Utah's first territorial governor had a hand in designing a currently popular bed frame for futons, says Spencer Blake, manager of Scandinavian Square, a contemporary furniture store.A futon is a piece of furniture that converts from a sofa or chair to a bed. Most people believe futons come from Japan. Although futon means "bedding" in Japanese, they are not the only ones to use the folding cotton mattresses.
"Brigham Young is credited with making the first futon frame," Blake said. "Some in our industry call it a Mormon bed."
It's called a Mormon bed because of its styling. Alternating wood slats are movable for collapsing from couch to bed and for easy packing.
"I was at a trade show and had heard the term (Mormon bed) once or twice," Blake said. "After the fourth time that someone said, `some guy named Brigham Young designed them (the frames he was selling)' - I knew it was legitimate."
Blake said the futons, frames and other furniture he sells in his store are manufactured as nearby as Utah Valley and as far away as Denmark, Norway and New Zealand. The family-owned business has operated in Provo for five years.
Blake credits the Europeans with developing some very stylish yet functional furniture.
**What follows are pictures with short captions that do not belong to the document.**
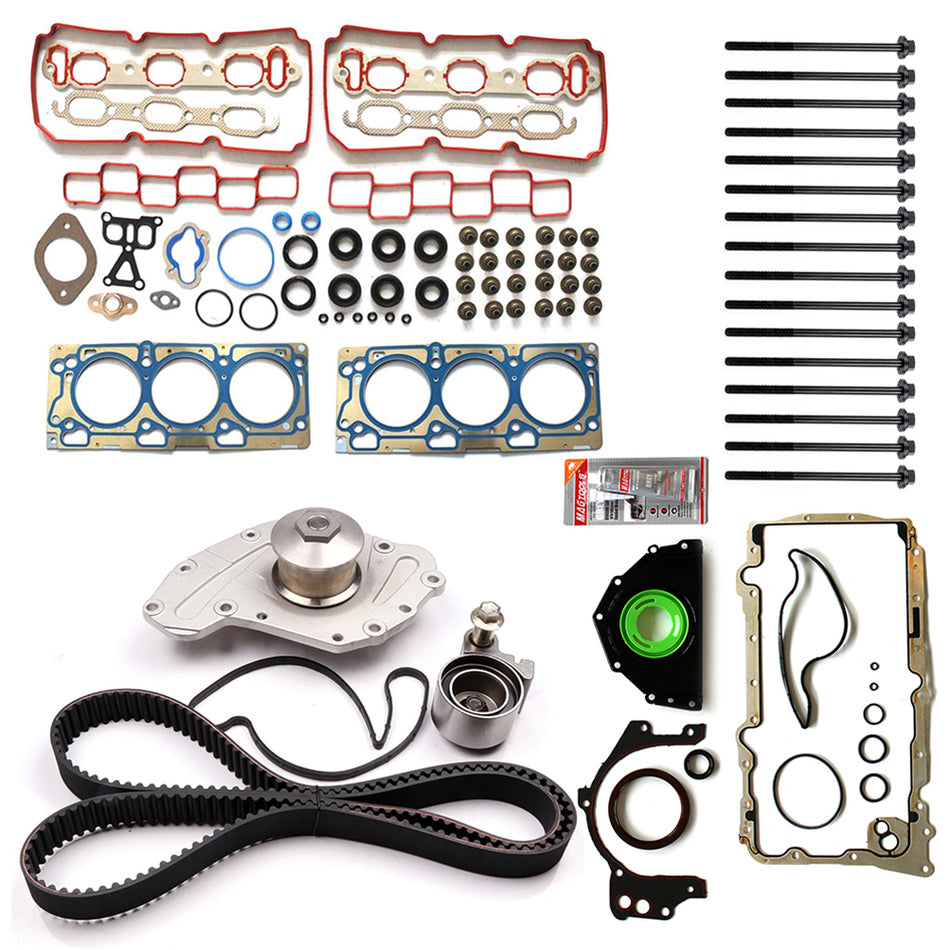 Full Gasket Set Bolts Timing Belt Water Pump Kit For 07 08 09 Chrysler 300 3.5L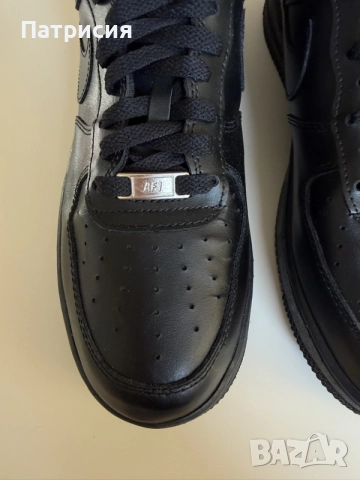 Черни мъжки сникърси маратонки Nike Air Force 1 Low ниски кецове, размер 45, черен цвят, black, AF1, снимка 2 - Кецове - 56043272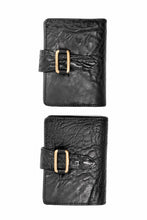 画像をギャラリービューアに読み込む, ierib Folded Wallet / Waxed Horse Butt Leather (BLACK #B)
"Scandinavians do things cleaner and smoother in their designs," he said. "During the last decade we (in America) have become educated as to what the rest of the world is doing."
Because most Europeans have small apartments or homes, their furniture must be compact and sturdy and often have more than one function.
"This style of furniture especially appeals to college students, young marrieds and those who are working on a tight budget," Blake said. "It is an inexpensive way of decorating like a top-notch designer."
A futon package that includes the mattress, couch frame and casing costs between $200 and $700, one-third to one-half the cost of a standard mattress or convertible sofa.
Couches, home entertainment centers, dining room and bedroom sets, lounge chairs and more are featured at Scandinavian Square, 164 N. University Ave.
One of the store's smaller items, but by quantity its biggest selling item, is a laundry bag and pine wood stand, made locally. Blake said he recently sold 30 in one day.
Choosing a futon
-Contents. Cotton is the predominant filler used in futons. What type of cotton? How much polyester? etc.
-Construction. Does the futon look well-made and sturdy?
-Ticking. What type of fabric is the mattress encased in and what material is used for tufts?
-Function. How are you going to be using your futon? To both sit and sleep on or solely for one use?
-Comfort. Take a few moments and lie down on the futon.
The wood or materials used in futon frames are as varied as the countries that make them. You will find pine and hardwoods, domestic and foreign, light colors, oak colors, exotic woods and walnut color. Some are unfinished; some are stained or lacquered. You also will find contemporary styles in both sleek melamine and high-tech metal.